TensorRT-LLM Worker Configuration#

TensorRT-LLM workers are configured through command-line arguments in the deployment YAML. Key configuration areas include:

  • Disaggregation Strategy: Control request flow with DISAGGREGATION_STRATEGY environment variable

  • KV Cache Transfer: Choose between UCX (default) or NIXL for disaggregated serving

  • Request Migration: Enable graceful failure handling with --migration-limit

Disaggregation Strategy#

The disaggregation strategy controls how requests are distributed between prefill and decode workers:

  • decode_first (default): Requests routed to decode worker first, then forwarded to prefill worker

  • prefill_first: Requests routed directly to prefill worker (used with KV routing)

Set via environment variable:

envs:
  - name: DISAGGREGATION_STRATEGY
    value: "prefill_first"

Note: For multi-node deployments, target the node running python3 -m dynamo.frontend <args>.

Model Configuration#

The deployment templates support various TensorRT-LLM models and configurations. You can customize model-specific arguments in the worker configuration sections of the YAML files.
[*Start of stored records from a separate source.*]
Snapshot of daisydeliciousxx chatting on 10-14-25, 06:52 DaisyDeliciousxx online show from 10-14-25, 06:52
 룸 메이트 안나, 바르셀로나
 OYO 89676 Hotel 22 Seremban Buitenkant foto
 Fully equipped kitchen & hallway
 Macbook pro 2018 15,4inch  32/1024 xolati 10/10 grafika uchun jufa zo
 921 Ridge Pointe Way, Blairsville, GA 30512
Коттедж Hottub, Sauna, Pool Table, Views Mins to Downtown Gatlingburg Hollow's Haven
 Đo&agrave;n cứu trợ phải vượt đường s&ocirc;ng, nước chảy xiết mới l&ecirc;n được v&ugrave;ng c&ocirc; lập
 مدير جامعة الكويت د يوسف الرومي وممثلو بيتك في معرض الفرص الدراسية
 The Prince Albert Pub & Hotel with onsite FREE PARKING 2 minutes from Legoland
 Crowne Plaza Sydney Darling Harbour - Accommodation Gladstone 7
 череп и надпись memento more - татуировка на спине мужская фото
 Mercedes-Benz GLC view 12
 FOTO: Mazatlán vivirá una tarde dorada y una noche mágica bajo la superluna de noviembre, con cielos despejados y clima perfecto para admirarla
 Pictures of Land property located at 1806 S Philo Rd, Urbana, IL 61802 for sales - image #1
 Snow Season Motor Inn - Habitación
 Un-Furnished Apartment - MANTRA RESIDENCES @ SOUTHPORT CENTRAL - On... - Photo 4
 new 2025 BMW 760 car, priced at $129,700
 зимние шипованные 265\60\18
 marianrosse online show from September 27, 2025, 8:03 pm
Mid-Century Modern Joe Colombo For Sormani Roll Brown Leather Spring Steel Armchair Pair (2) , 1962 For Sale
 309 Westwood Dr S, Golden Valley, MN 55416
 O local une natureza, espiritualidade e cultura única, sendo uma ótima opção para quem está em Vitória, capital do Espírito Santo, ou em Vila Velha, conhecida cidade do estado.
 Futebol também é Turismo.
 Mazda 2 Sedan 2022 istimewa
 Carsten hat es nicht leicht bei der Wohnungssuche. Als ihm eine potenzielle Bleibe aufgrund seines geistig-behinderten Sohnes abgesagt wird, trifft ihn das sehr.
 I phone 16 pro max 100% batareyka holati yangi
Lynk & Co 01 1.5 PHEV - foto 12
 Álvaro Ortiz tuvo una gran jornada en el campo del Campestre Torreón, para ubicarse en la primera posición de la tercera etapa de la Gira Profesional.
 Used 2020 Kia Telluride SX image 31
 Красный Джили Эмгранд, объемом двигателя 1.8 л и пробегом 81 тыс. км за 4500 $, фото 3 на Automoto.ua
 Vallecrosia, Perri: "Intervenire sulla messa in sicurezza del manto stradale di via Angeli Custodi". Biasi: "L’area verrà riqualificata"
Multi-Token Prediction (MTP) Support#

For models supporting Multi-Token Prediction (such as DeepSeek R1), special configuration is available. Note that MTP requires the experimental TensorRT-LLM commit:

./container/build.sh --framework tensorrtllm --use-default-experimental-tensorrtllm-commit

Monitoring and Health#

  • Frontend health endpoint: http://<frontend-service>:8000/health

  • Worker health endpoints: http://<worker-service>:9090/health

  • Liveness probes: Check process health every 5 seconds

  • Readiness probes: Check service readiness with configurable delays

KV Cache Transfer Methods#

TensorRT-LLM supports two methods for KV cache transfer in disaggregated serving:

  • UCX (default): Standard method for KV cache transfer

  • NIXL (experimental): Alternative transfer method

For detailed configuration instructions, see the KV cache transfer guide.

Request Migration#

You can enable request migration to handle worker failures gracefully by adding the migration limit argument to worker configurations:

args:
  - "python3"
  - "-m"
  - "dynamo.trtllm"
  - "--migration-limit"
  - "3"

Benchmarking#

To benchmark your deployment with GenAI-Perf, see this utility script:

{REPO_ROOT}/benchmarks/llm/perf.sh

Configure the model name and host based on your deployment.

Further Reading#

Troubleshooting#

Common issues and solutions:

  1. Pod fails to start: Check image registry access and HuggingFace token secret

  2. GPU not allocated: Verify cluster has GPU nodes and proper resource limits

  3. Health check failures: Review model loading logs and increase initialDelaySeconds

  4. Out of memory: Increase memory limits or reduce model batch size

  5. Port forwarding issues: Ensure correct pod UUID in port-forward command

  6. Git LFS issues: Ensure git-lfs is installed before building containers

  7. ARM deployment: Use --platform linux/arm64 when building on ARM machines

For additional support, refer to the deployment troubleshooting guide.